入定ミイラとは、即身仏となって現世に戻ったときに用いる肉体を確保する行為ですね。
現世に戻ったとき用いる体を保存するとは、古代エジプトのミイラとそっくりね。
つまり、即身仏を目的とした入定ミイラは保管されるべきものではあっても、拝むものではないのです。
また、即身仏となることを願って旅立った魂も、拝むものではないってことでしょうね。
神でも仏でもないから。
そうですね。
崇拝されるべきは神仏であって、人の魂や肉体ではないかもです。
もし、手を合わせたいのであれば、即身仏の発願成就を神仏に願うためであるべきかも。
カッバーラと仏教、どこに接点があるかという疑問もでますけど。
カッバーラの奥義は、生命の樹に表されているのです。
生命の樹と共通する構図の特徴は、3×3です。
地上に対応する王国、つまりマルクトのセフィロトを除いて、9のセフィロトということね。
縦横ともに三つに分けられる構造があれば、生命の樹を意識して作られた可能性があるのです。
金剛界と胎蔵界の曼荼羅に、3×3の構図は見られるね。
それで、飛鳥昭雄と三神たけるは生命の樹と指摘しているのですね。
生命の樹があれば、カッバーラに通じる思想があると見て良い。
そうなるのですね。
一方、即身成仏とは人間がこの肉身のままで究極の悟りを開き、仏となること。
仏になって、永遠の生を得るということです。
しかし、永遠の生は基本的に魂のものなの。
そうですね。
魂と同様な永遠の肉体とは、本質的には復活体ということです。
じゃあ、生まれたときの肉体のまま天に召されたと見られているモーセやエノクも、いつかは死を体験することが神から求められる。
御子の地位にあるイエスでさえ、十字架の死が求められたのでしょうね。
じゃあ、人間がこの肉身のままで究極の悟りを開き、仏となることは?
釈迦(釋迦)、 梵名をシャーキャ(शाक्य [zaakya](Śākya))として知られるゴータマ・シッタルダは、肉身のままで究極の悟りを開き、仏となられたことは有名ですね。
つまり、釈尊となられた釈迦のように、究極の悟りを開き仏の教えの奥義にたどり着くことはできる。

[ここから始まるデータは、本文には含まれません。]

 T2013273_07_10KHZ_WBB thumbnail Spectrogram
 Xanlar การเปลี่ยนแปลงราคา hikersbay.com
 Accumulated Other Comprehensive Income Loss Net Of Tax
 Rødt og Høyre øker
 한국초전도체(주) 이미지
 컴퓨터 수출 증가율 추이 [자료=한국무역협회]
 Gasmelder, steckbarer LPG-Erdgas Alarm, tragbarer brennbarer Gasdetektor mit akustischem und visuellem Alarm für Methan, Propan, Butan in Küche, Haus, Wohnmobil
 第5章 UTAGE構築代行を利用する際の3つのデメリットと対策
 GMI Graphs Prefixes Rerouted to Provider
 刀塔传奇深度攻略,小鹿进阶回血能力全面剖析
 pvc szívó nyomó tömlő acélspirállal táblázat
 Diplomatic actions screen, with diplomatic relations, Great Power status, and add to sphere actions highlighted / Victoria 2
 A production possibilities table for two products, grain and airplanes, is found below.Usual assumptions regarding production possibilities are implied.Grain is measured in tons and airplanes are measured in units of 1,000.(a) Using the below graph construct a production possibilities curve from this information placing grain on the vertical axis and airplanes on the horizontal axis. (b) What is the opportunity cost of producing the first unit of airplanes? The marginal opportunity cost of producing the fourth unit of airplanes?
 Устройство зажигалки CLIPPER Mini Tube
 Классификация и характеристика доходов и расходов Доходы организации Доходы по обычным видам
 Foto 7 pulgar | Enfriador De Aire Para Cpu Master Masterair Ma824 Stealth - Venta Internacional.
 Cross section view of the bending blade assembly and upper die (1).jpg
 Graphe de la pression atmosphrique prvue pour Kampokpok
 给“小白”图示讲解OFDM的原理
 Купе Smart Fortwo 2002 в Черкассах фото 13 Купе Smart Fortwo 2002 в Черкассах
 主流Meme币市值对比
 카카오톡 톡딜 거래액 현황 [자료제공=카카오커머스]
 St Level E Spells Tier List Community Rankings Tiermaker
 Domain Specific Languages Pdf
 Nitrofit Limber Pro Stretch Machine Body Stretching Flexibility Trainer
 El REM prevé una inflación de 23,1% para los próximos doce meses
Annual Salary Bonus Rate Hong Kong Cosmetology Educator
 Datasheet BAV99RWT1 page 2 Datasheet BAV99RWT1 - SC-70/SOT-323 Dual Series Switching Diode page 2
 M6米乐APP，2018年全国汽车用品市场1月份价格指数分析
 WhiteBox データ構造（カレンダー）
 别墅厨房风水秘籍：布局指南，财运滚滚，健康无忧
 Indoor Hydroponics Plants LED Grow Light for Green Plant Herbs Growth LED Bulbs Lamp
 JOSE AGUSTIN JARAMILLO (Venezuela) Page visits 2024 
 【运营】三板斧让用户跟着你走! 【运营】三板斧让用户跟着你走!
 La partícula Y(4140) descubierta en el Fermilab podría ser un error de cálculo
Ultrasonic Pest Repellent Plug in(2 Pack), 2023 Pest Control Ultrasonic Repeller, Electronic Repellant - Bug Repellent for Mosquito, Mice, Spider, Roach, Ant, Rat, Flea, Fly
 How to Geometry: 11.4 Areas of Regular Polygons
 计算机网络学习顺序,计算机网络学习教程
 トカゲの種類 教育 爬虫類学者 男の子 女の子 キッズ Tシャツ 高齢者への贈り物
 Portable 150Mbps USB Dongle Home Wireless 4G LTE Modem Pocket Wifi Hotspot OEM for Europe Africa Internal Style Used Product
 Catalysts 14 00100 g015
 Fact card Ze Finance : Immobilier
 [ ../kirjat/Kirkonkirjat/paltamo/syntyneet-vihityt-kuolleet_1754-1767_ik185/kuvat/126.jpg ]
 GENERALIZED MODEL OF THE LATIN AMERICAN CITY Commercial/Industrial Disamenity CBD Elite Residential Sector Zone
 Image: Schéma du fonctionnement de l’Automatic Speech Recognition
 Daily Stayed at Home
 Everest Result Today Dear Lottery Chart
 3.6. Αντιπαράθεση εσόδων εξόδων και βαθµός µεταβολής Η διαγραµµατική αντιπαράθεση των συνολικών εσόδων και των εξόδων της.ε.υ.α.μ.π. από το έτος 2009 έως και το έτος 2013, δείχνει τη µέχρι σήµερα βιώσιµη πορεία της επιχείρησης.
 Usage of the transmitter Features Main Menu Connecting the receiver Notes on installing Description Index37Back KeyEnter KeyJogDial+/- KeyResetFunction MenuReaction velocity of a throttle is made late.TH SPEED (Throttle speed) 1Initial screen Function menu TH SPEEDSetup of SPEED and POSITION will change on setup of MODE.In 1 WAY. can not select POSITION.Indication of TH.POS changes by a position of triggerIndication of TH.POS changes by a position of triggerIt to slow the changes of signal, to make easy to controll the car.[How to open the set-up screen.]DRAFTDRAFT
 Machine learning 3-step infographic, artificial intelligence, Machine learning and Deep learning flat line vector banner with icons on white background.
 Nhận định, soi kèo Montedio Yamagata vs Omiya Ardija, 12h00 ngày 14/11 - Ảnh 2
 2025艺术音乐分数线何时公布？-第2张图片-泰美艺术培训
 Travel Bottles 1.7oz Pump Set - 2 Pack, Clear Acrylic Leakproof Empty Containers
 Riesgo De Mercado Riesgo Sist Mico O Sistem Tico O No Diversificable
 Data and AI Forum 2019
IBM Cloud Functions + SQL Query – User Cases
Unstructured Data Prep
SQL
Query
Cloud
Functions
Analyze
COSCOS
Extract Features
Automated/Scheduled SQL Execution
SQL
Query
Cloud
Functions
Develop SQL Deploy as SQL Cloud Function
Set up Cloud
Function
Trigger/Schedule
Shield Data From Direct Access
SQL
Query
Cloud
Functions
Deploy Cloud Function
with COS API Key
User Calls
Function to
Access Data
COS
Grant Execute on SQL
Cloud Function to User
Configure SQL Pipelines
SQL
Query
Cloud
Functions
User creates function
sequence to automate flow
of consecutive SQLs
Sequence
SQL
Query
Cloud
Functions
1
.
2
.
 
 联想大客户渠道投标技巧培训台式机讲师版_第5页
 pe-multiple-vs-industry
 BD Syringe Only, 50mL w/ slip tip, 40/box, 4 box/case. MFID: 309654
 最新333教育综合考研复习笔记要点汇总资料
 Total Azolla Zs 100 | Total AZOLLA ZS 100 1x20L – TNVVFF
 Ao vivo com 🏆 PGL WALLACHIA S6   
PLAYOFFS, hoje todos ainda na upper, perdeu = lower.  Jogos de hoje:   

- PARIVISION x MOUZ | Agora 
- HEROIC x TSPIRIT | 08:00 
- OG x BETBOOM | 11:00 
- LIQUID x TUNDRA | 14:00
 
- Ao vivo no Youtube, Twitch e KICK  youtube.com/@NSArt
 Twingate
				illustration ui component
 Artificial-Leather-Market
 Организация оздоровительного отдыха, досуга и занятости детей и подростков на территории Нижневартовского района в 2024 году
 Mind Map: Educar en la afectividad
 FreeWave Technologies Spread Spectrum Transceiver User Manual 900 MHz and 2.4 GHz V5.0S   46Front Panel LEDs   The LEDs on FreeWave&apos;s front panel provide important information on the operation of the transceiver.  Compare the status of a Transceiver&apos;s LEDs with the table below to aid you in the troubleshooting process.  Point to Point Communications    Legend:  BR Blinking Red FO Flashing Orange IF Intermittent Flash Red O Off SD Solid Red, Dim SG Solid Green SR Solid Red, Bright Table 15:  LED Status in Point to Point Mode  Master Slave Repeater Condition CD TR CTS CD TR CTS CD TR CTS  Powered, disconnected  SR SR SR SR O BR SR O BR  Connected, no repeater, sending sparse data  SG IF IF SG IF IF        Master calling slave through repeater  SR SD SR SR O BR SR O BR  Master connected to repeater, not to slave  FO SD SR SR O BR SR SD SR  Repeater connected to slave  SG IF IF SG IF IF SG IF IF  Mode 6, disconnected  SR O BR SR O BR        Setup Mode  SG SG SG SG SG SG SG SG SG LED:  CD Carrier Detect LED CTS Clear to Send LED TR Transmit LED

神も仏も、知恵や知識を求めるものには気前よく教えてくださるお方です。
目的は、問わないのでしょうか。
求めよ、さらば与えられん。
尋ねよ、さらば見出さん。
門を叩け、さらば開かれん。
すべて求むる者は得、尋ねる者は見いだし、門をたたく者は開かれるなり。
マタイによる福音書の7章7節から8節にこうあることは、あまりに有名です。
そしてイエスは、カッバーラを人々に開かれたお方です。
当然、仏教もカッバーラで解釈されるべきだし、解釈できる。
生命の樹が、あるから。
一方で、あなたは自分で正しいと思うようにせよ、それが主なる神の御心に沿うかどうかは神が判断するともあるのです。
御自身の御心に沿って使う者かどうかを見定めておられる、怖いお方でもあるのです。
でも、釈迦は死なれたのでは。
入滅、つまり現世から消滅し、神仏の世界に入られたということでしょうね。
御仏から永遠の修行を認められるのは、魂であって肉体ではないのでしょうね。
復活体としての肉体は、魂と一体と見ていいかも。
即身成仏とは、釈尊のように、仏陀の教えの本質にたどり着くことでしょうか。
おそらく、そうかも。
カッバーラで仏教も理解できる、だから、イエスの教えと仏教は比較されてしまうのでしょうか。
その可能性は十分あるかもです。
仏教学を少しかじりましたが、やはり奥が深いですね。
仏教もキリスト教も、イスラム教も、実は、根っこは、そう大差ないのでは、と想う事があります。
最古の文明スメルからの伝播が、相当大きいという感じはありますね。